Either learn how to mate or quit chess.
Avoiding stalemate is basic knowledge.
Even amateurs know how to avoid it.
Give me a break. You are a class D player who twice in a row fell for the Blackburn Shilling Gambit . You have never faced a player who knew how to play for a stalemate. The great Samuel Reshevsky fell for stalemate traps twice in his career, and you couldn't begin to fill his shoes. Until you have side stepped stalemate traps set by an expert like Larry Evans, it is rather presumptuous of you, to say you know how to avoid them.
Getting rid of stalemate has many deep, subtle and interesting (probably not your strong suit) ramifications.
Exactly, so why try to bring about such an upheaval that would ultimately change a completely functional game into something completely different? Isn't simply creating your own variant a much better and practical alternative than trying to alter something already established? I'm repeating myself verbatim from the other thread, but if you truly want to get rid of the stalemate rule, creating a variant would be the right way of showing the merits of abolishing stalemate to the "nay-sayers" that think it would ruin chess.

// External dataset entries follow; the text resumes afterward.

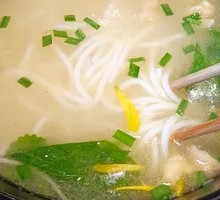 Hot Spring Boiling Fresh Meat Rice Noodles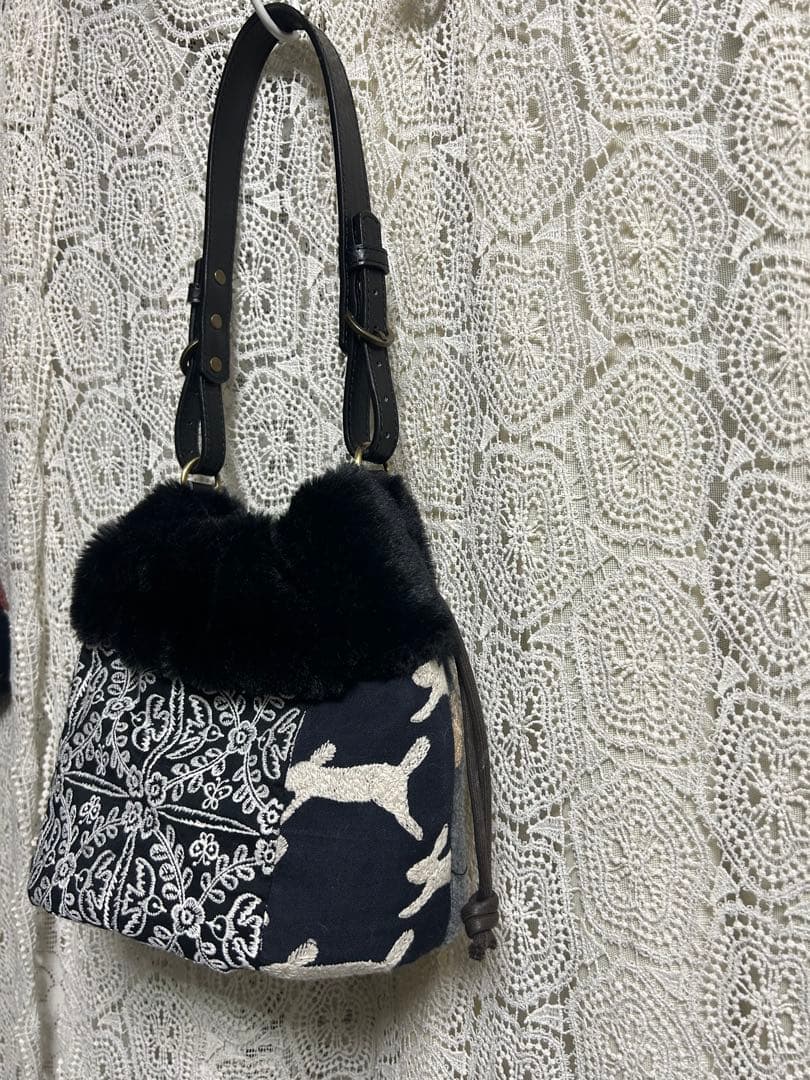 51124Aミナペルホネンハンドメイド ファーバッグ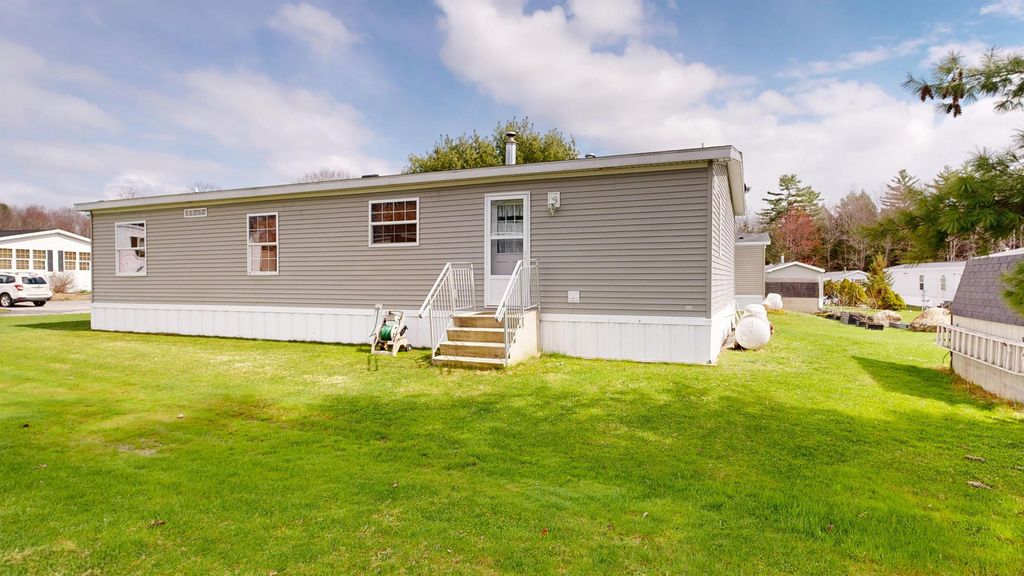 8 Sheldon Place, Lewiston, ME 04240 — photo 3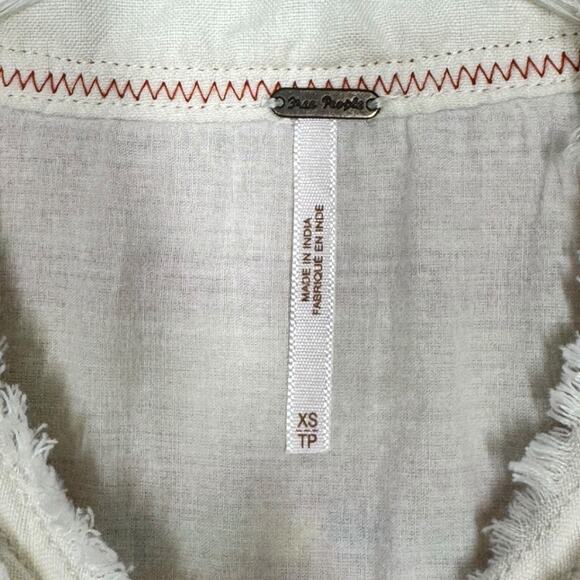 Free People Embroidered Linen Blend Jacket XS White Red Boho Festival Beach - Picture 6 of 7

If abolishing stalemate is truly an improvement to the rules, the no-stalemate variant would naturally become more popular than the current chess and eventually replace it as the mainstream chess. I'm sure that's how the current rules were established centuries ago.
+1
I am not a big specialist in chess variants, playing only Fischer Random and Bughouse occasionaly. But it's an interesting fact that the variant with stalemate=win either has never been created or has near zero popularity. IMHO it means that the idea is not appealing to general chess public at all.